What we know about Putin and his apparatus is this: conscience is ruthless. Acts that could seem abominable and that a Western mind would not accept, the "dark" agents of the Russians will think and execute them. From sending wounded soldiers with one foot in the strike line to violating the ceasefire – it's the usual behaviour. This is evidenced by the bombing of Ukrainian hospitals. Too often, Western thought refuses to accept or believe that such vulgarity exists. It is easier to believe Russian propaganda and say that a malicious act of Putin never really happened. Or that what the Russians are doing is a normal process, that there is no right and wrong. Thus, poisonings and murders "blur" the moral part of the mind. Every victim is forgotten because remembering – the rapes and abductions of children in Ukraine – means that you take responsibility and therefore that you start to worry. A heavy burden that you have to carry over the innumerable burdens of life.

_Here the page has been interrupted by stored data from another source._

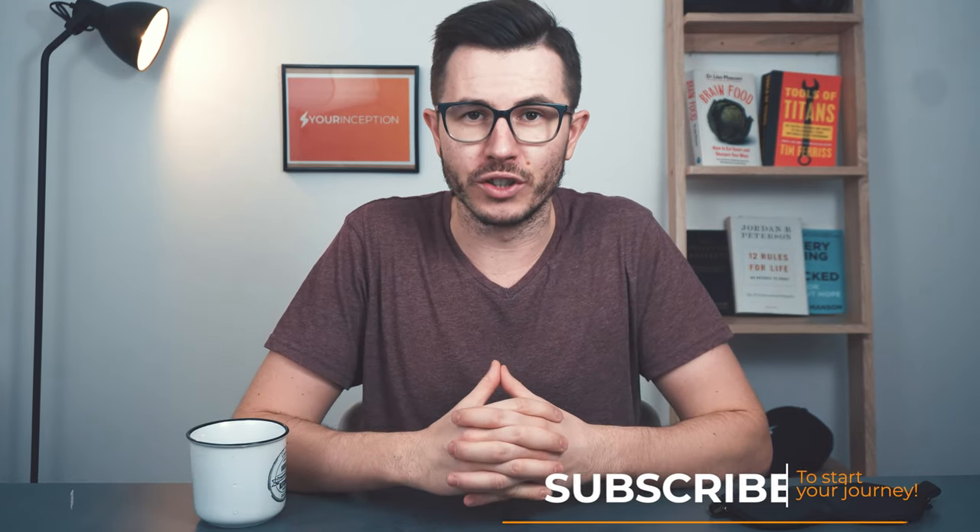Greg here, the founder of Your Inception. Welcome to my channel where I show you how you can achieve limitless performance with a minimalistic approach. Subscribe below to start your journey.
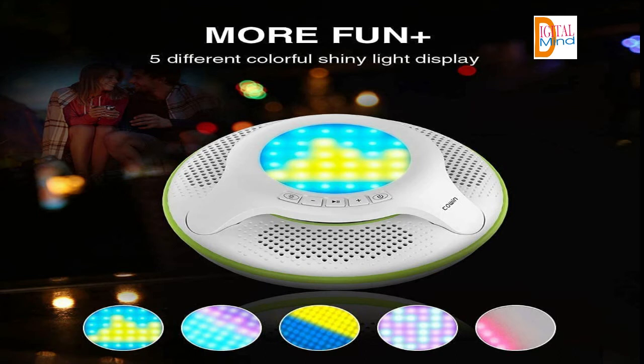This lovely water speaker is suitable for kids, teenagers, and adults of all ages, and can be used in summer, winter, and other seasons throughout the year.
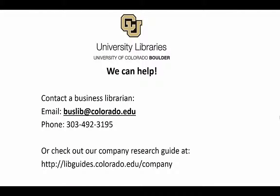That's all we have time for today. Check out the Business Research Guide for more detailed information. If you're not sure what database to start with, ask us for a recommendation.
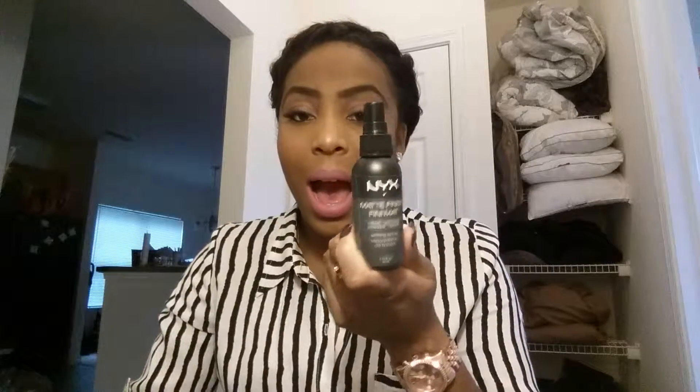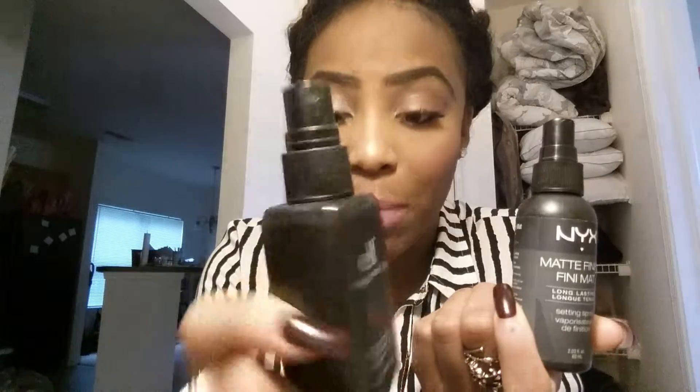Another thing I bought was NYX Matte Finish long-lasting spray. I like it because I am a greasy girl and my face is actually getting greasier than normal, so this has been a part of my routine that I've been loving.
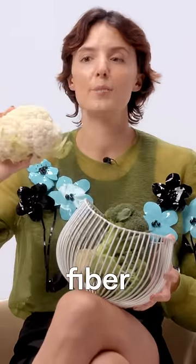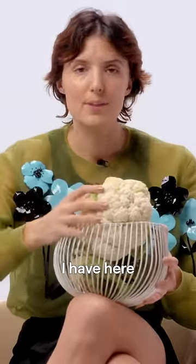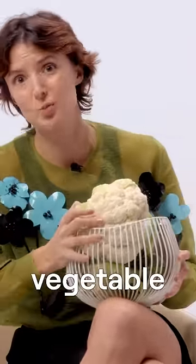The intact fiber in a cauliflower like this one is what is keeping it upright. Same thing with the broccoli I have here, same thing with basically every single vegetable under the sun.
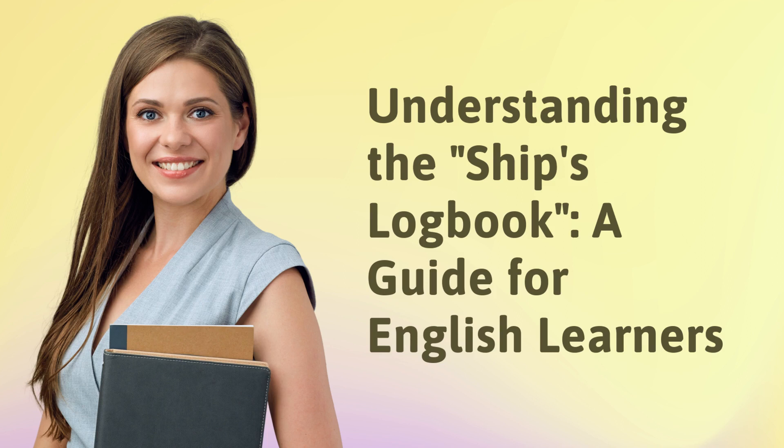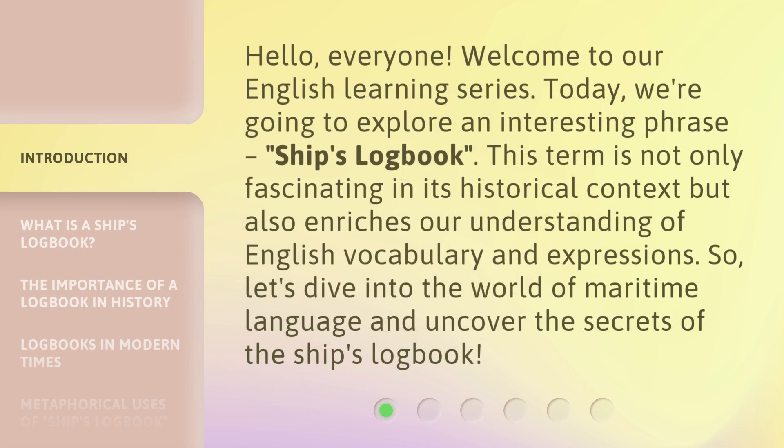Understanding the ship's logbook — a guide for English learners. Hello, everyone. Welcome to our English learning series. Today, we're going to explore an interesting phrase: ship's logbook. This term is not only fascinating in its historical context, but also enriches our understanding of English vocabulary and expressions. So, let's dive into the world of maritime language and uncover the secrets of the ship's logbook.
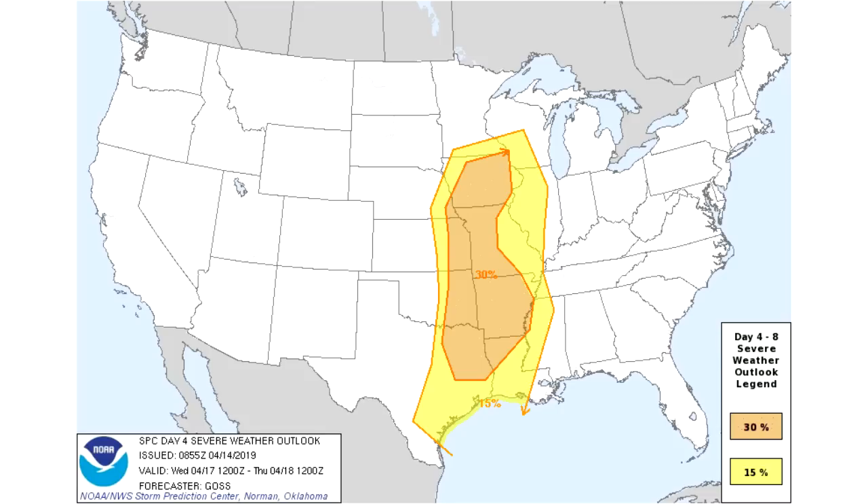Now your Day 4 outlook — this is going to be your extended range, so we're not going to get a categorical outlook on this one, just a percentage. We do have a 15% risk within the yellow section, which translates to a slight risk, and then in the orange section we have a 30% risk of severe weather, which translates to an enhanced risk.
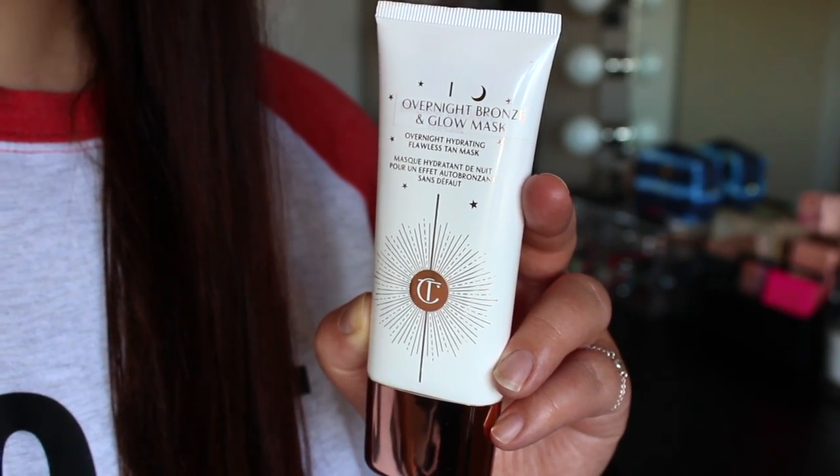This is going to be a repeat product from my current favorites video coming up soon, but this is the Charlotte Tilbury Overnight Bronze and Glow Mask. It's like a gradual self-tanner for your face. I'm terrified of putting actual self-tan on my face because my skin is so sensitive, but I have been loving this. It's just a white lotion so you don't have to worry about it ruining your pillowcases, and you can use it as your night cream or mix it in with your other products. I apply it at night after my serum and essence, and over the course of a few days it builds up a really nice natural looking tan. It's great if you're pale like me — it evens things out and it's just like a simple, foolproof skincare product.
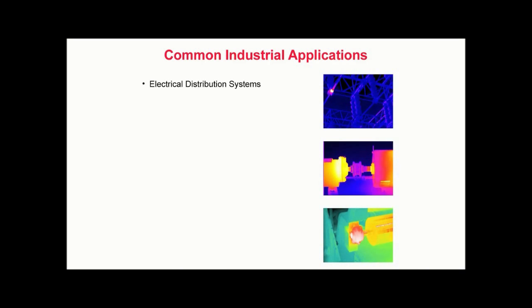Common industrial applications include electrical distribution systems to locate loose or deteriorated connections, overloads, imbalanced loads, open circuits, defective equipment, and symptoms of harmonics. Mechanical systems to detect excessive friction, misalignment, improper lubrication, and belt tension. Structural systems to locate water infiltration into building sidewalls and flat roof systems, detect building energy loss, and locate delaminations or voids in masonry structures.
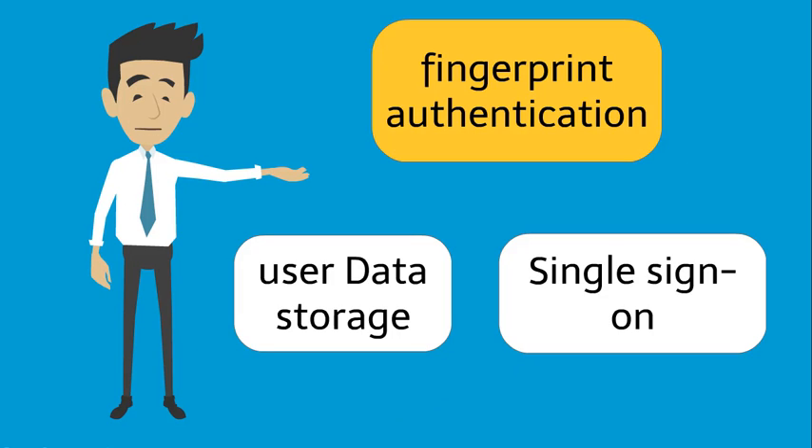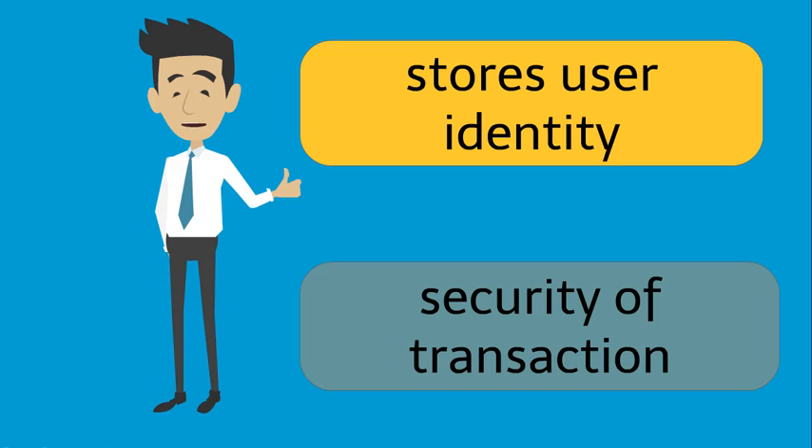Benefits of smart cards are fingerprint authentication, user data storage, single sign-on, provide tamper-proof storage of users and account identity, and improve convenience and security of any transaction.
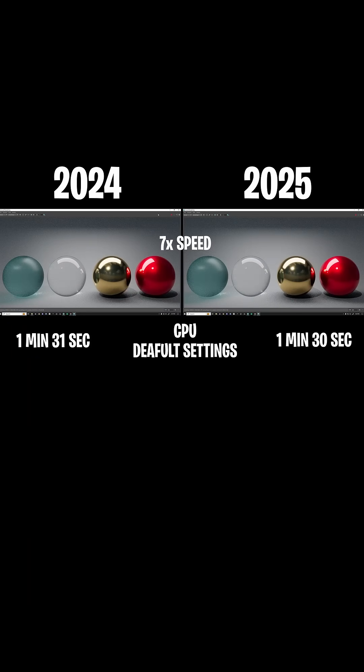On the left, we have Maya 2024, and on the right, we have 2025. Some of these renders have been sped up just so you're not sitting around waiting for some boring spheres to render, but that'll be denoted in the middle.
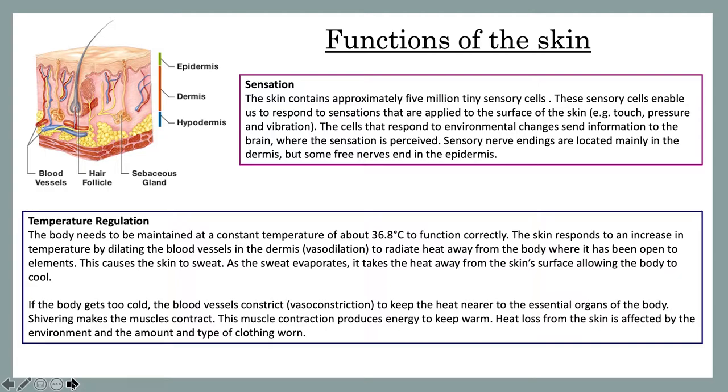The next function is temperature regulation. The body needs to be maintained at a constant temperature of about 36.8 degrees Celsius to function correctly. The skin responds to an increase of temperature by dilating the blood vessels in the dermis, also known as vasodilation, to radiate heat away from the body. This then causes the skin to sweat. As the sweat evaporates, it takes the heat away from the skin's surface, allowing the body to cool.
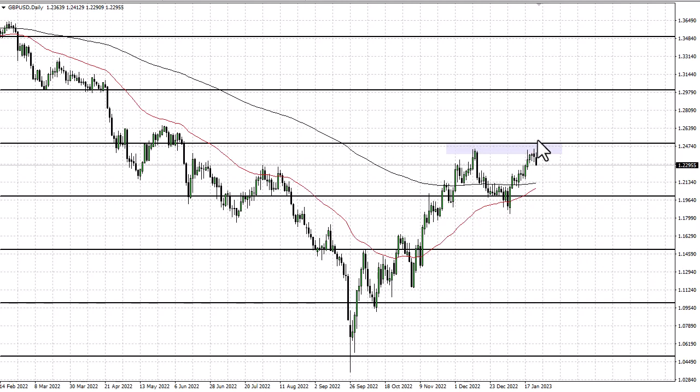On the other hand, if we turn around and take out the 1.25 level, then that opens up a potential move to 1.27.5 or maybe even 1.30.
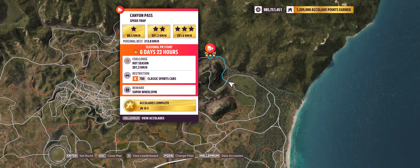Hey guys, and welcome to the Series 22 Spring PR Stunt Canyon Pass Speed Trap, where you have to hit 201.2 kilometers an hour in a B700 classic sports car.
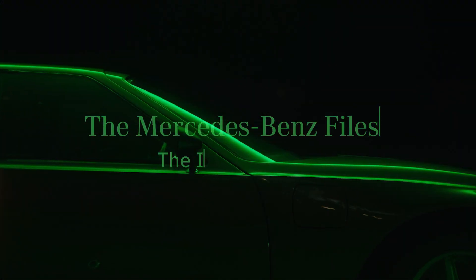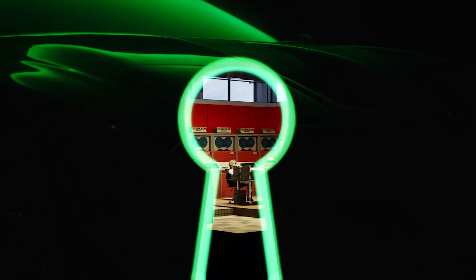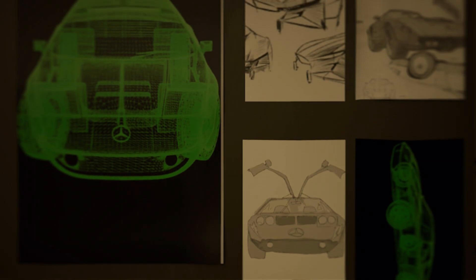1969. The C111. Our supercar project. This was a test lab on wheels — a vision for innovative technologies.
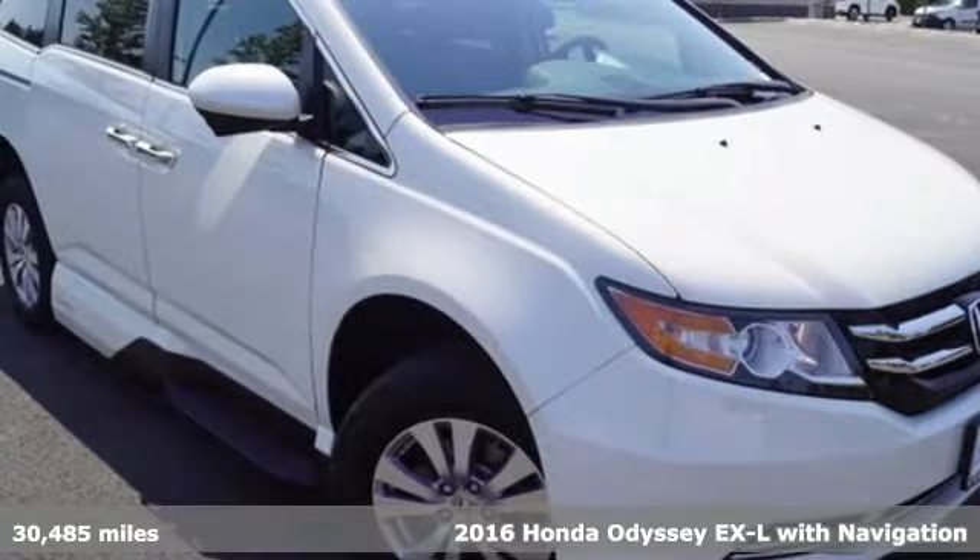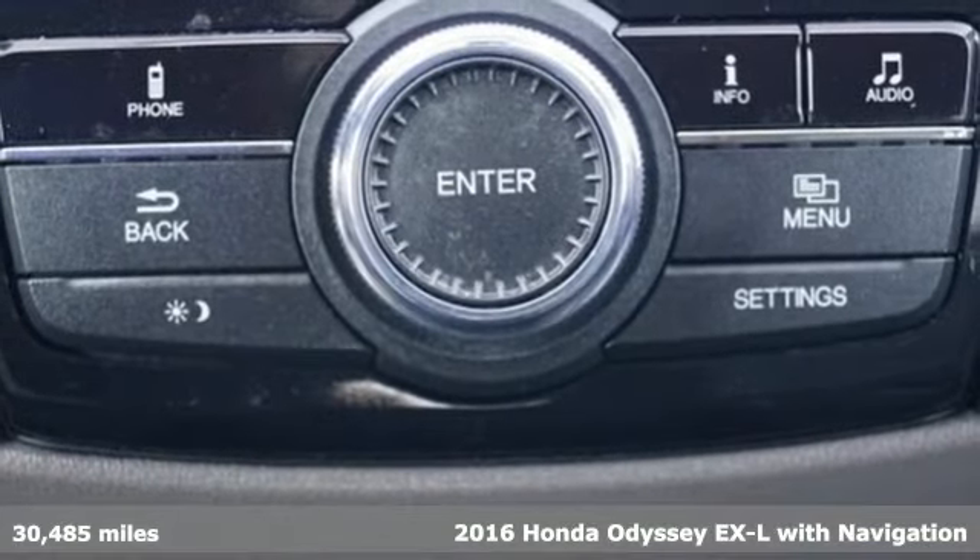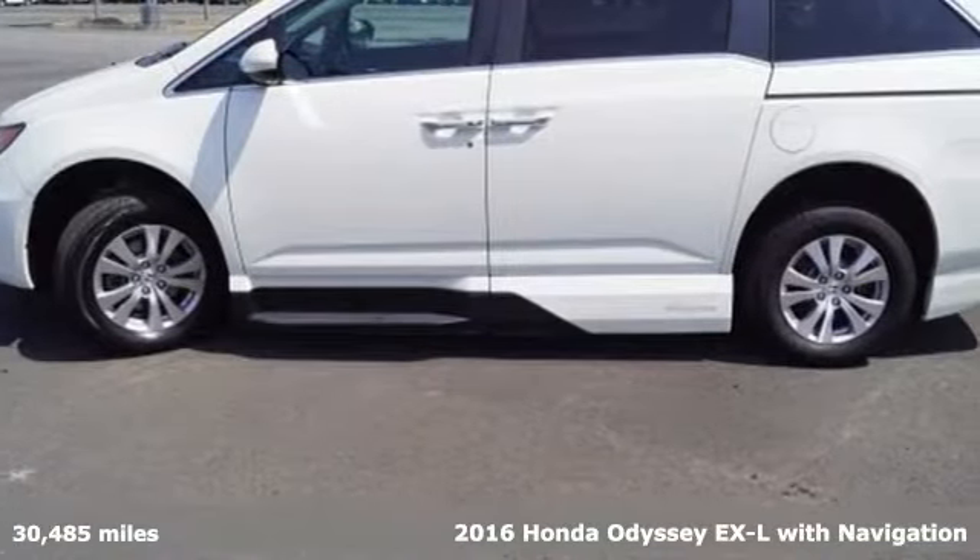Here's a 2016 Honda Odyssey. Honda has a world-renowned reputation for reliability, and it comes with all the amenities you need.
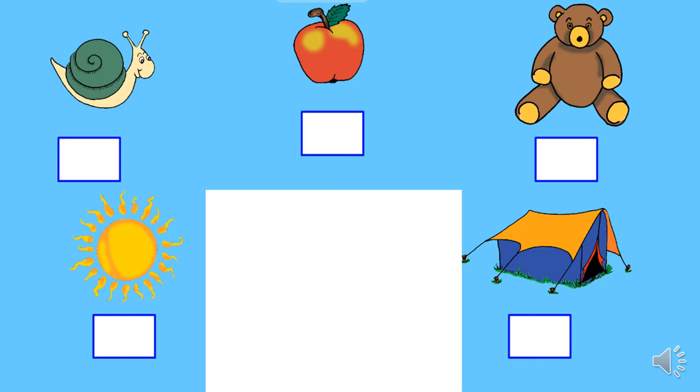Here are some pictures. Some of them have the T sound, and some of them have the sounds we already know, S and A. Let's work together to see if we can figure them out. The first picture is of a snail — S, snail, S. Next I can see a rosy red apple — A, A, apple. What about teddy bear? T, t, teddy bear. Next comes sun — S for sun. And the last one is a tent, and tent starts with the sound T. Did you get them all right?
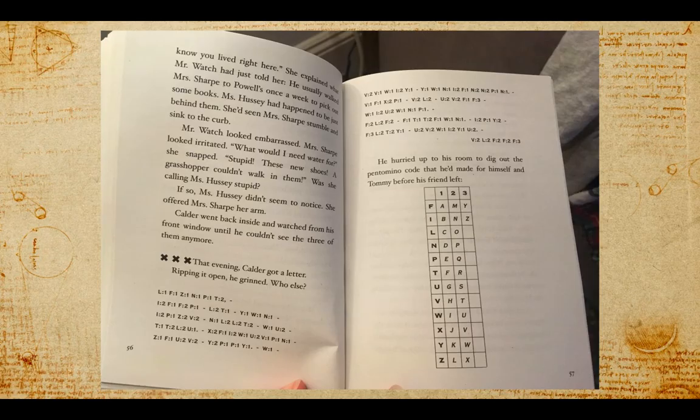That evening, Calder got a letter. Ripping it open, he grinned. Who else could it be from?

By ignoring the horror, living while it continues to exist and isolating it in your mind, a kind of psychological transformation, confusion and apathy begins, which Putin's mechanisms cause in large populations. And to individual people. We all have enough problems to rise up against evil with a global dimension. Look at what the Russian Federation is receiving in its conscience day by day. This mentality, the moral procrastination, the fragmentation of consciousness and ultimately of reality, is exported from Russia to entire states. The moment comes when you realize that Putin is here, he is among you. We don't know much about him personally, but his penetration, his presence in the social fabric is palpable, undeniable. The chaos of disinformation, the constant "noise" in public life, the rule of law being lost, fear, concern for the privacy of communications and many more are the signs.